Midterm election years, when voting participation is much lower, are a different story, and can produce much larger skews. In 2010, for instance, likely voter polls produced a net swing to Republican candidates of about six points. There have also been some midterm election years where, in contrast to the trend in presidential election years, the shift to likely voter models helped Democrats by a point or so.
But the results have been pretty consistent in presidential election years: a shift of one or two points toward the Republican candidate has been typical.
The way our forecast model accounts for this is to default to applying a shift of 1.5 percentage points toward the Republican candidate whenever it encounters a registered voter poll.
This default estimate may change once we get a sufficient number of polls that present a direct comparison of likely and registered voter numbers. So far, we have not had very many of these surveys, so the model has not shifted very far from the default. (It is now giving Mr. Romney a 1.6-point push when it encounters a registered voter poll.)
But this may be putting the cart before the horse. Are pollsters actually successful at predicting who will vote and who won’t? Are the likely voter polls truly more accurate?
My research suggests that they generally are, but it isn’t a slam dunk. In measuring the difference between the actual popular vote margin between the Democratic and Republican candidates and the one implied by the poll, likely voter polls were more accurate in 1992, 1996, 2004 and 2008, while registered voter polls were a bit better in 1988 and 2000.
On average over the past six presidential cycles, likely voter models have missed the final margin between the candidates (in their state or in the co
untry as a whole, depending on where they surveyed) by an average of 5.2 points. Registered voter polls have missed it by an average of 5.7 points. So the likely voter models have provided somewhat more accuracy.
The advantage comes, however, from polls conducted late in the race. From about Labor Day onward, voters become more tuned in to the campaign, and it may become easier to discern how much their interest in the campaign will translate into their likelihood of voting.
As the next chart shows, likely voter polls have been about a full percentage point more accurate than registered voter polls when conducted from Sept. 1 until Election Day.
However, likely voter models have not been any more accurate before that date.

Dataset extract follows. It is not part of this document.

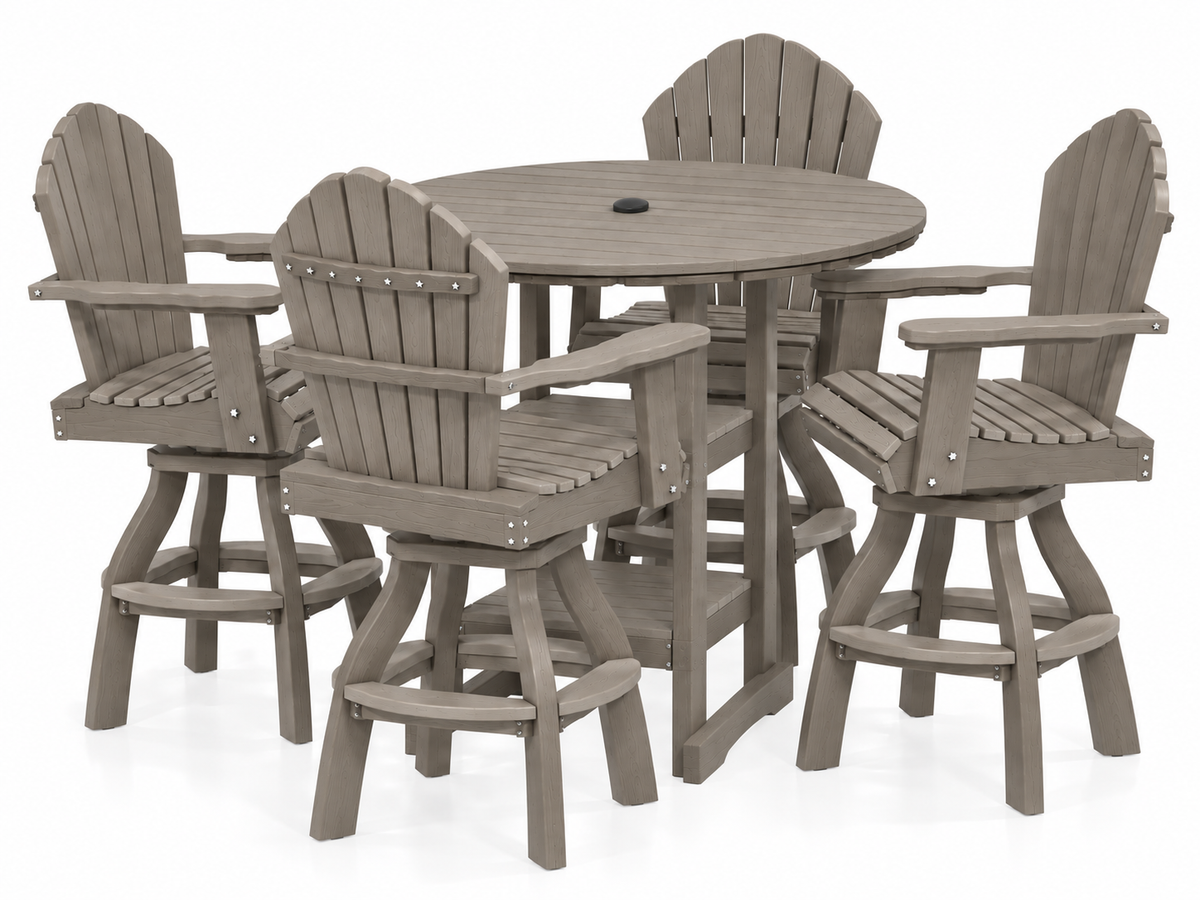 5-Piece Nantucket Swivel Pub Height Dining Table Set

In fact, they have been slightly less accurate than registered voter polls (although the sample size is small enough that I wouldn’t make much of that finding).
Many polling firms believe that likely voter models are unreliable when applied this early in the campaign, and most avoid doing so. This evidence suggests that this is a solid intuition: the things that get voters excited in July may not be the same ones that wind up doing so in November.

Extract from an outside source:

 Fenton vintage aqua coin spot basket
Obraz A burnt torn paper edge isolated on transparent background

If you see likely voter models right now showing numbers that are not much in line with the historical pattern — say, those that produce a five-point shift toward Mr. Romney, or a two-point shift in favor of Mr. Obama — I wouldn’t necessarily pay a lot of attention to them.
However, the historical patterns have been quite consistent once the likely voter models become more reliable. Most likely, they will show a shift of somewhere in the neighborhood of one or two points toward the Republican candidate — in this case, Mr. Romney.
For the time being, our model is giving Mr. Romney credit for a 1.6-point shift when it sees a registered voter poll and has him just a tiny bit behind Mr. Obama despite this. Needless to say, if the gap comes in toward the higher end of the historical range — or at something higher still, like a three-point difference in his favor — Mr. Romney’s chances of winning the election will improve.